Na segunda (4) aconteceu a abertura do ano legislativo na Câmara de Vereadores. A primeira sessão presidida pelo vereador Cláudio Aragão começou com uma homenagem. O jornalista Carlos Henrique Braga, que cobriu o evento, assim o descreve:
“Consultor jurídico da Câmara de Vereadores de Joinville, Maurício Eduardo Rosskamp, assassinado em 20 de dezembro de 2018, foi homenageado nesta segunda-feira (4). Familiares, amigos e colegas do advogado lotaram o plenário da CVJ. A homenagem foi marcada por discursos de pessoas próximas a Rosskamp. ‘O corpo do Maurício foi enterrado, mas a alma ficará aqui conosco’, disse o pai de Maurício, o ex-vereador e ex-deputado Raulino Rosskamp.

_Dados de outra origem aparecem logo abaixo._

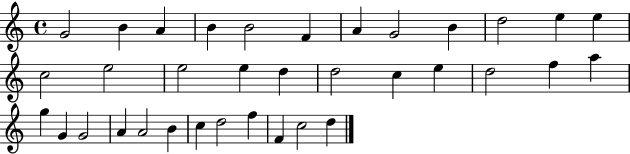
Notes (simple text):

G4/h B4/q A4/q B4/q B4/h F4/q A4/q G4/h B4/q D5/h E5/q E5/q C5/h E5/h E5/h E5/q D5/q D5/h C5/q E5/q D5/h F5/q A5/q G5/q G4/q G4/h A4/q A4/h B4/q C5/q D5/h F5/q F4/q C5/h D5/q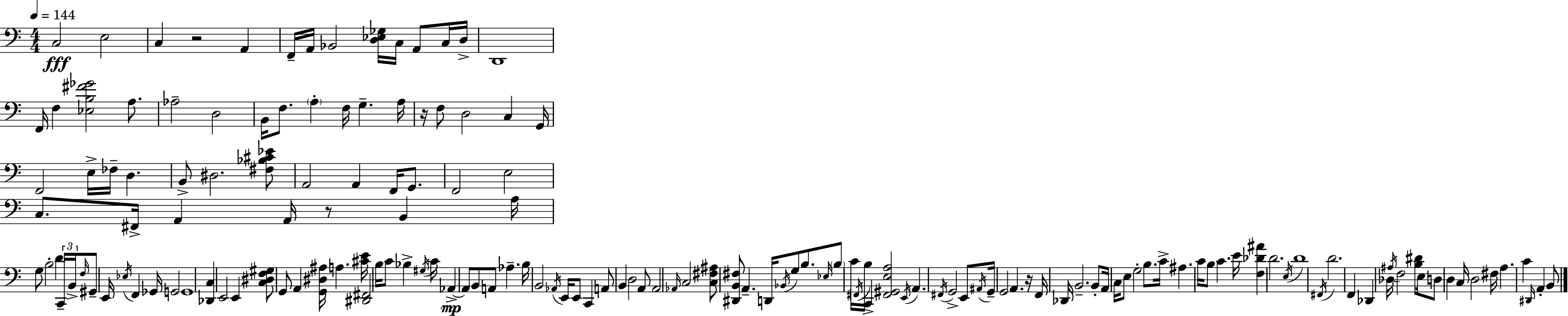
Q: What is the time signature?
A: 4/4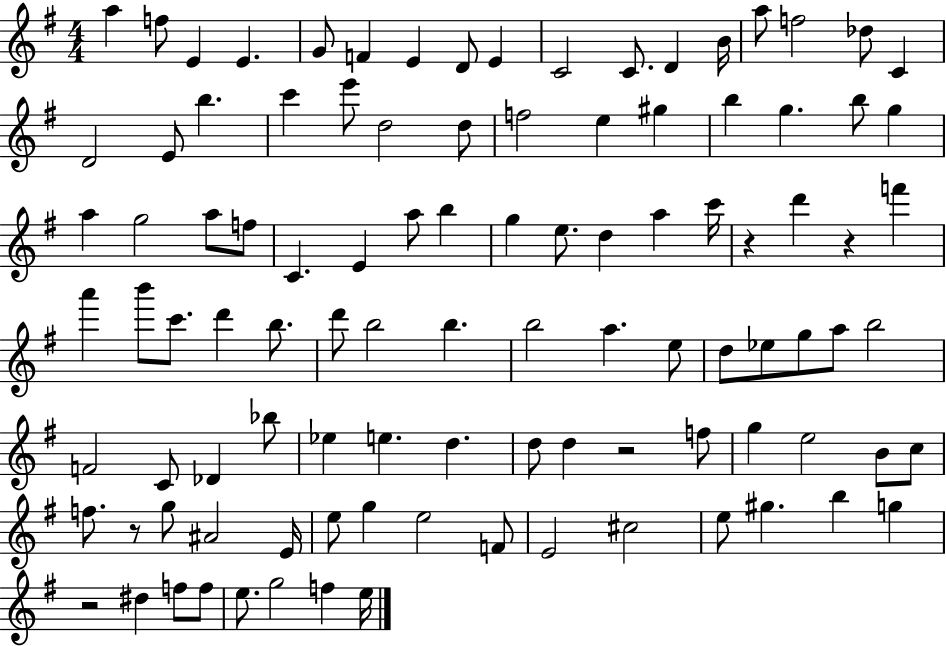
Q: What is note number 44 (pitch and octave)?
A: C6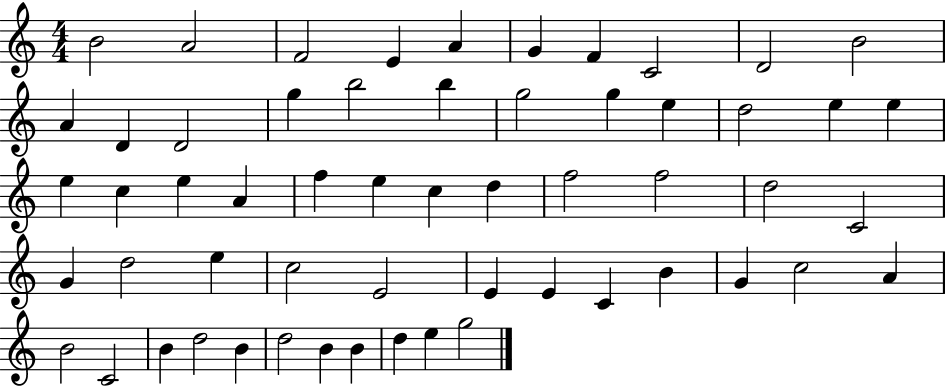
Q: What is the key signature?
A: C major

Servidor aposentado da CVJ, Luiz Claudio Gubert falou em nome dos colegas de trabalho. ‘Ternura era o nome dele. Paciência, calma, generosidade, alegria, gentileza e respeito sempre foram sua marca e seu modo de ser e de viver. Em mais de 23 anos de dedicação ao serviço público, conquistou respeito, confiança e bem querer de todos’, disse.
O juiz Roberto Lepper, amigo de Maurício desde a infância, afirmou que Rosskamp sempre tinha preocupação com o próximo e que ele fará muita falta a Joinville. Já a presidente da subseção Joinville da OAB, Maria de Lourdes Zimath, disse que Maurício era um homem “bondoso”, e citou Guimarães Rosa, que afirmou que “os homens bons não morrem, ficam encantados”.
Para o juiz João Marcos Buch, quem tinha contato com Rosskamp imediatamente sentia que ele confraternizava e compartilhava da sua existência.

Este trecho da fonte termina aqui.